[[ Source data open ]]

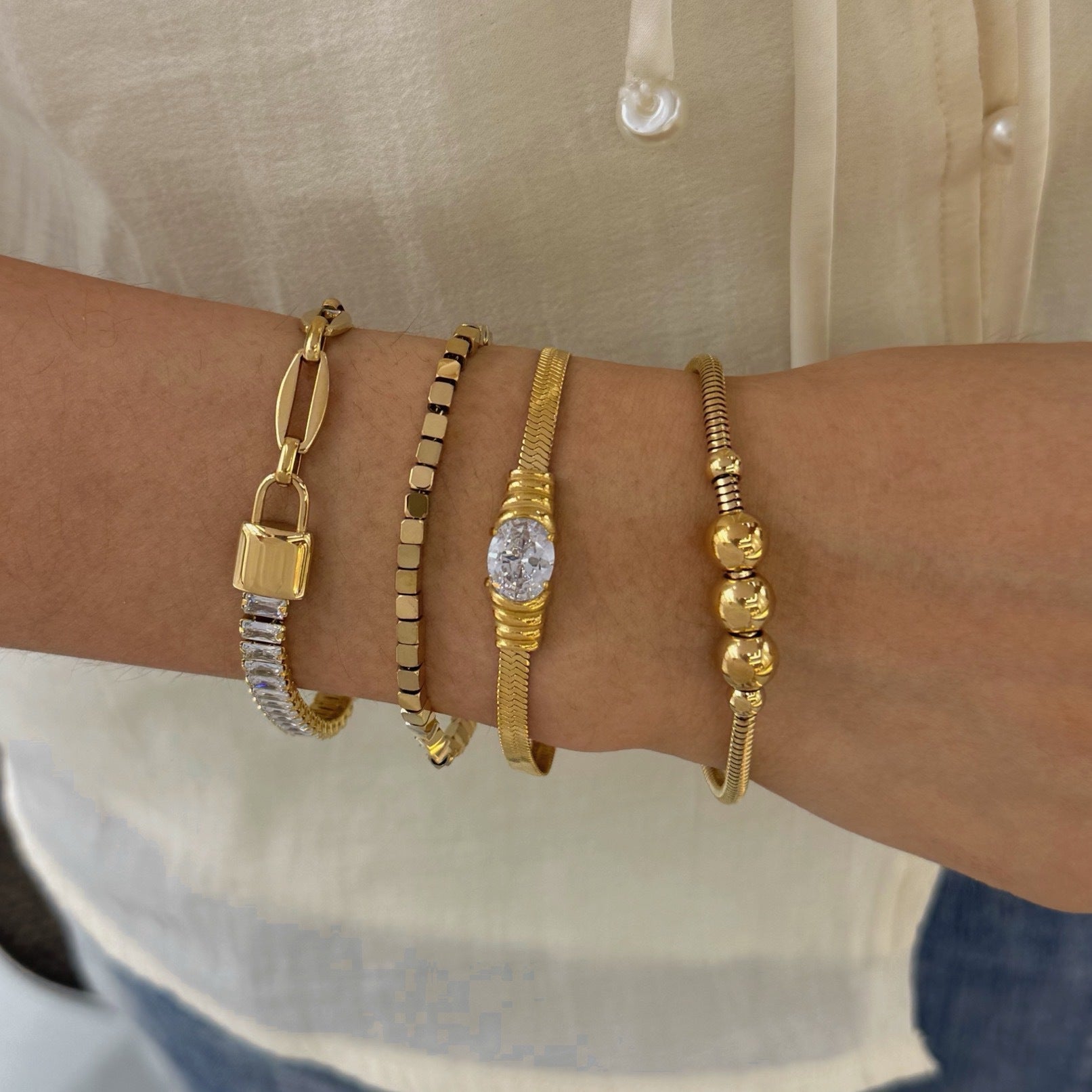 Wholesale Trendy Geometric Stainless Steel Bracelets Real Gold PVD Technology Fashion Jewelry with Zircon for Girls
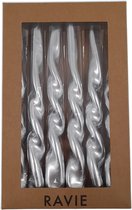 Ravie - Gedraaide diner kaarsen set 6 stuks - Zilver
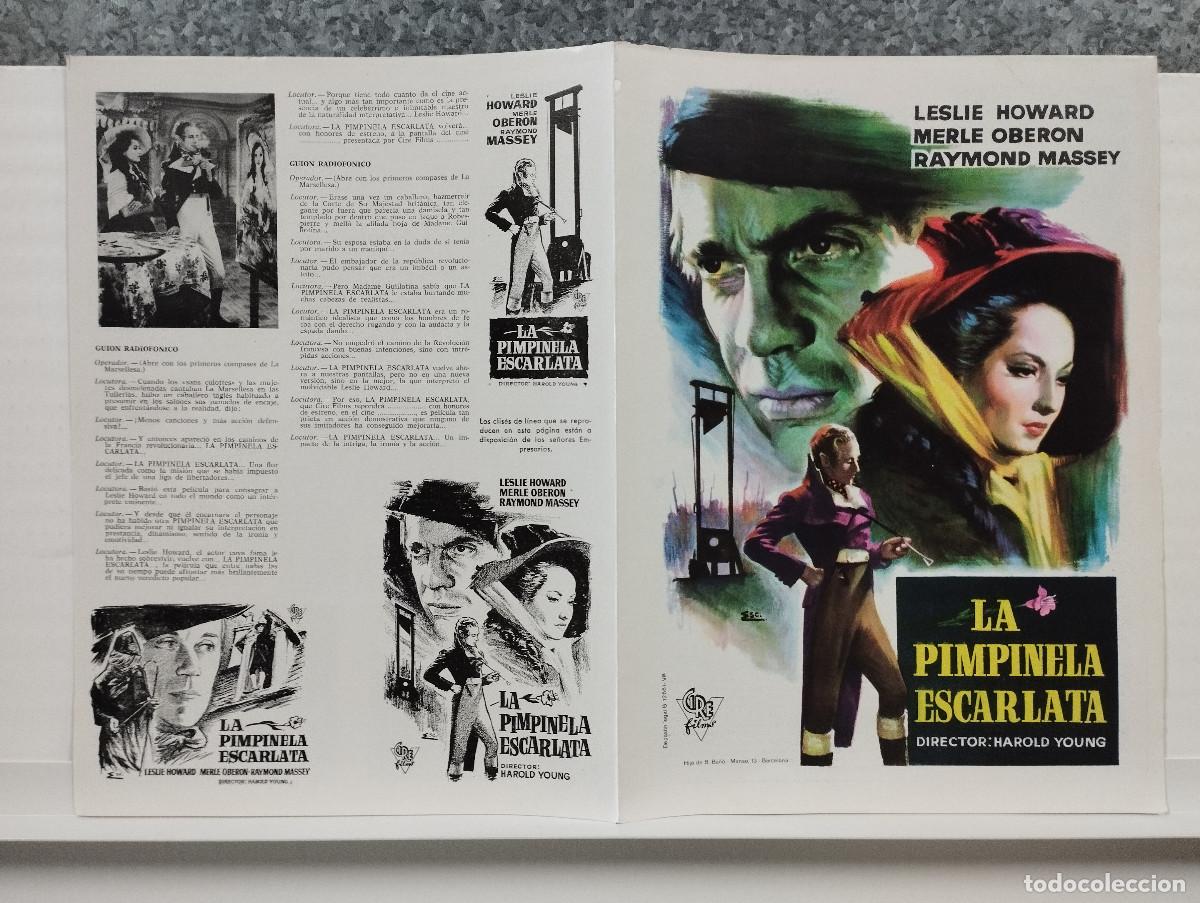Cinema: La pimpinela escarlata. Leslie Howard, Joan Gardner, Merle Oberon. GUIA DE CINE DOBLE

[[ Source data closed ]]

▶ Work to complete: Could the data be reproduced exactly, with the pictures omitted?

▶ Result of this exercise:
 Wholesale Trendy Geometric Stainless Steel Bracelets Real Gold PVD Technology Fashion Jewelry with Zircon for Girls
 Ravie - Gedraaide diner kaarsen set 6 stuks - Zilver
Cinema: La pimpinela escarlata. Leslie Howard, Joan Gardner, Merle Oberon. GUIA DE CINE DOBLE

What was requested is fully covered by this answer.